March 21, 2012 | Myrna Anderson



Betty Sanderson discovered 18th-century prints on a Prodigal Son theme in Calvin's permanent collection.

It’s been a year and a half since the Center Art Gallery found its new home in the Covenant Fine Arts Center. Since that time, art department assistant Betty Sanderson has set aside a couple of hours a week to picking through—re-assessing and re-inventorying—the 1,500 items from the college’s permanent collection stored at the new gallery. Recently, she was working with a file of six 18th-century Italian prints when she noticed some familiar-looking pigs. They looked like the pigs in a print from one of the college’s major collections.
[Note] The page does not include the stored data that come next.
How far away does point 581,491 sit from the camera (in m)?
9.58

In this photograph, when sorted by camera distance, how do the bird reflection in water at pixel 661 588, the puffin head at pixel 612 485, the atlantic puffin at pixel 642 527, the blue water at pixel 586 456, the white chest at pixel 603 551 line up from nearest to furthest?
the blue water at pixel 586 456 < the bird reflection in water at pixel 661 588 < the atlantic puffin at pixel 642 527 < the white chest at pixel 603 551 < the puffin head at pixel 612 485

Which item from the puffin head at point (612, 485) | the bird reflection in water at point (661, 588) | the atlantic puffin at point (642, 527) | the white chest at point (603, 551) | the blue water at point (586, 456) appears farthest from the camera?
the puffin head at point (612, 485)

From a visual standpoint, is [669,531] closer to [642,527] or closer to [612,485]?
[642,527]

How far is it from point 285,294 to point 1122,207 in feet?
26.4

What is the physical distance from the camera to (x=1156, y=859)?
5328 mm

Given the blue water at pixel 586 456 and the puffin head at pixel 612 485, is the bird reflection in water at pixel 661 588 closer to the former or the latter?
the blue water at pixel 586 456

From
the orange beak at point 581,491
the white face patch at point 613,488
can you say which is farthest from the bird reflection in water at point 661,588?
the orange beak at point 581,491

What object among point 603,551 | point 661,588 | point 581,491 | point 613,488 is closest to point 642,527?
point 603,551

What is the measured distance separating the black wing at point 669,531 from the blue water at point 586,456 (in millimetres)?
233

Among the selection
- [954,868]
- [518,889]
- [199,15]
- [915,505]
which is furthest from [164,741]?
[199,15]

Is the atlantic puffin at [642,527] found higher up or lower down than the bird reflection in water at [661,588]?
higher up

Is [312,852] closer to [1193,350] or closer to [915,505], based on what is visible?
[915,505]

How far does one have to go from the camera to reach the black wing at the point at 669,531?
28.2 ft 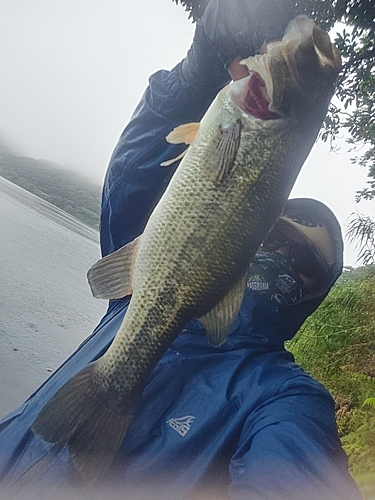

Sanderson did a computer search on the registration number of the print series. “What came up was the title in Latin, which was meaningless to me,” she said. Then Sanderson spotted the handwritten Dutch on the top of the first print, which she could read: “De verloren zoon met zijn vader zyn goederen verdeelende.” In English it reads: “The prodigal son with his father and his property income distribution.” Sanderson called Calvin director of exhibitions Joel Zwart: “I think I found something pretty exciting over here,” she said.

Well-traveled prints

Zwart, Sanderson and art history professor Craig Hanson did some research on the prints, and they discovered that the set of six was produced around 1790 by Remondini, an Italian firm located in Bassano del Grappa. They are reverse copies of a Prodigal Son series printed in Augsberg, Germany for viewing in a “vue d'optique"—or “perspective view” or “peep box”— an 18th-century device through which viewers could enjoy a three-dimensional view of a print. Printers typically created series of city views or biblical scenes for viewing in the vue d'optique.”

The prints Sanderson found trace the entire biblical story of the Prodigal Son: The son demanding his inheritance, his farewell from the father’s house (an ominous painting on the ceiling in the second print forecasts his fate), his life of dissipation, his life among the swine, the prodigal’s return and his father’s celebration. The captions on the prints are translated into Latin, Spanish and Dutch, and they give varying translations of the action. The print that says in Spanish, “The prodigal son lives luxuriously” proclaims in Dutch: “The prodigal son in a temple of lust.”

Sanderson and Zwart are amused by various captions, especially the Dutch: “The only reason to have Dutch put on the top of it was it was sold to Dutch clients, and they wanted to know what it said,” Zwart said. The Prodigal Son prints were the gift to Calvin of an anonymous donor in 1998 and have been in storage ever since. They have never been exhibited. “They’re actually in good shape for 220-year-old prints,” Zwart said. “It’s a complete set, where it tells the whole story.”

Both he and Sanderson are excited to bring a part of Calvin’s permanent collection to light. They are especially excited that the Prodigal Son prints can be added to one of the college’s showcase collections: The Prodigal Son Collection, a group of 37 works—paintings, linoleum cuts, ceramics, serigraphs (silk screens), ink drawings and other pieces on a Prodigal Son theme —donated to Calvin in 2008 by Larry and Mary Gerbens. It was the 18th-century pigs’ resemblance to the circa-1500 pigs in a Hans Sebald Beham print from that collection that originally triggered Sanderson’s interest. "Probably the oldest piece we have in the college's collection and a fine piggy image," Zwart described the Beham.

Completing the collection

The latest Prodigal Son prints fill a gap in that collection, said Zwart: “Most of the prodigal son artwork we have is contemporary. We have work from the 20th century, and we have some from the 19th century, and there’s a few pieces that are much older, like the Rembrandt, but we didn’t have anything from the 18th century.” He hopes to feature the new prints in future exhibitions and package them with future loans of the Prodigal Son collection.

“An exhibition of vue d'optique work generally would be lots of fun,” Hanson said, “especially if it included prints of people looking into these boxes in addition to the prints that were used in this way.”

The Prodigal Son one of the most depicted biblical themes in art history, Zwart said.

“People can relate to it,” said Sanderson.

“The appeal to it is that it’s a moral story…,” said Zwart, “There’s a long history of teaching in prints.”

“For me, it’s all about the pigs,” Sanderson said.